Distributed Automation Processing

As we start using Automate to expand our workflows into the wider Enterprise, we may find that we need to add further CloudForms or ManageIQ appliances to spread the workload in our Region.

Automate has been designed to be scalable by supporting distributed worker appliances, each running the Automation Engine role and polling the VMDB database appliance for work. In this chapter we’ll take an in-depth look at how the automation operations are distributed between appliances via a central queue. This is another background information chapter, so feel free to skip on first read or bookmark for later reference.

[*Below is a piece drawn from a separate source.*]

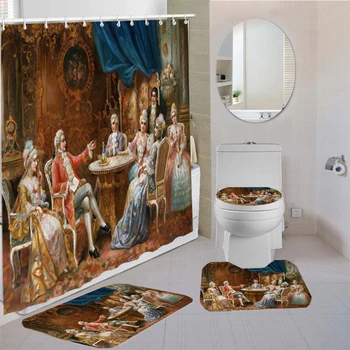 3/4 Piese Europa Artistice Perdele de Dus Seturi de Înger Pictură în Ulei Covor Copii Cadou de Toaletă Mat Imprimare 3D Artă Antică Baie Set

Nondistributed Automation Operations

Not all automation operations need to have a distributed capability. Some automation operations interact with a user through the WebUI, and these require an instance/method to be run directly on the WebUI node to which the user is logged-in. Such operations include:

  • Running an Automate instance from simulation

  • Automate instances that are run to populate dynamic dialog elements

Some other automation operations need to be executed synchronously and in a specific order, and these are also run on a single appliance to guarantee execution order. An example of this is running a control policy synchronous action type of Invoke a Custom Automation.

The Automation Engine role does not need to be enabled for these nondistributed automation operations to run.

Distributed Automation Operations

Most automation operations benefit from being scalable and distributed, and capable of running on any appliance in our zone with the Automation Engine role set. These include:

  • Running an Automate instance from a custom button

  • A control policy asynchronous action type of Invoke a Custom Automation

  • Any automation operations that involve separated requests and tasks

Distributed automation tasks are passed to the Automation Engine using the standard message passing mechanism by which all workers communicate. This is via a queue, modelled in the database as the miq_queue table. Generic workers running on appliances with the Automation Engine role set, monitor this queue for messages with a queue_name field of generic and a role field of automate. If such a message is found, it is dequeued and processed.

Tracing Queueing/Dequeueing Operations

We can examine evm.log to see the interworker message queueing/dequeueing activity when a custom button is clicked that launches an automation task (here the lines have been wrapped for clarity). The first activity that we see is the ResourceAction message (button activities are run as Resource Actions):

MIQ(ResourceAction#deliver_to_automate_from_dialog) \
        Queuing <ResourceAction:1000000000066> for <CustomButton:1000000000001>

This is immediately followed by the insertion of a new message (#1000000158789) into the queue, containing the task details. The Role: [automate] parameter signifies that the message is intended for the Automation Engine.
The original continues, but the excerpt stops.